“But you are a guide. And you got lost!”
“Yes,” stammered Qway. To have to own to a mere fellah that he, the great desert guide, had lost his way, must have been most intensely humiliating; for the favourite gibe of the bedawin to the fellahin is that they are “like women,” and get lost directly they go in the desert.
No Egyptian could have resisted such a chance. The mamur began to question Qway minutely as to where, how and when he had got lost, and to the exact degree of lostness at each stage of the proceedings; and Qway, to his credit be it said, answered quite truthfully.
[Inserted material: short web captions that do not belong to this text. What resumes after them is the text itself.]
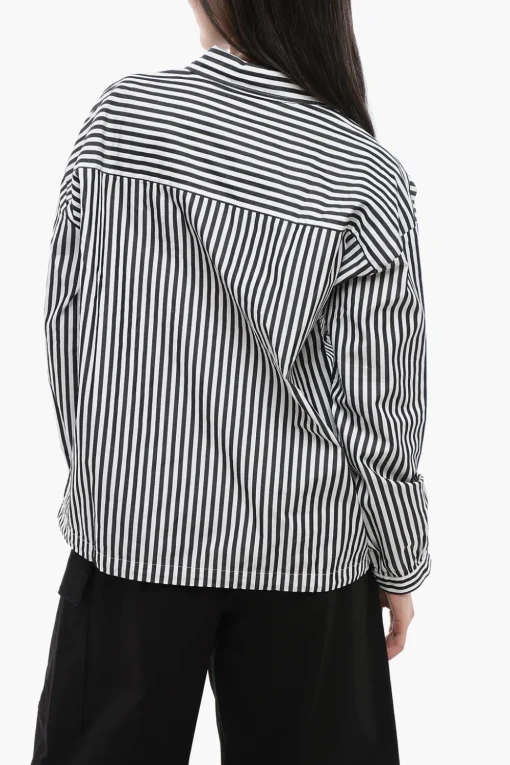 Camicia YARN a Righe Awning con Coulisse sul Fondo>Woolrich Fashion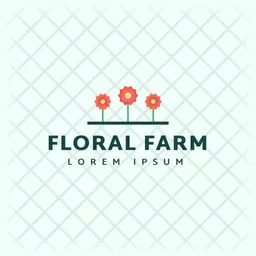 Floral Farm Logo Icon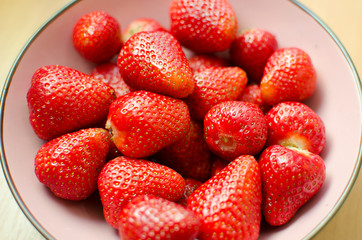 Ripe Juicy Strawberries In a Plate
When he could rub it in no further, the mamur began to question him as to the remainder of his journey. Qway described how he had had to go two days without water and had almost ridden his camel to death in order to get back to our tracks, and how he and his camel had eventually managed to get back to Dakhla more dead than alive.
“You were hiding when you got back. Where did you hide?”
Qway hesitated a moment, then asked him in a low voice if he need answer. The mamur did not press that question. It was a distinctly ill-advised one. Qway had been in the Senussi zawia at Smint. He put a few more questions to him, then told him again that he was a traitor and that his work had been “like pitch,” and asked me what I wanted done next. I suggested that he might perhaps call a few witnesses, so Abdulla was brought in.
Abdulla had entirely recovered from the scare he had had in the desert, and, though Qway had tried to let him down, the mamur’s treatment of him seemed to have softened his views towards him. There is a bond of union between those who “know the nijem” and Qway, too, was in difficulties, and Mohammedans are usually sympathetic towards each other in those circumstances, so Abdulla tried to get Qway off.
The mamur asked him what he knew about the case.
“Effendim,” he said, “I think Qway went mad.”
The mamur flung himself back in his chair and spread out his hands.